### Task prompt:
Reproduce the listing verbatim.

### Collected data:

···

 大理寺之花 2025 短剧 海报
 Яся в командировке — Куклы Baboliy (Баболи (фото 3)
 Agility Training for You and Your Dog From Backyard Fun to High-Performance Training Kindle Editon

···

### Exercise answer:
 大理寺之花 2025 短剧 海报
 Яся в командировке — Куклы Baboliy (Баболи (фото 3)
 Agility Training for You and Your Dog From Backyard Fun to High-Performance Training Kindle Editon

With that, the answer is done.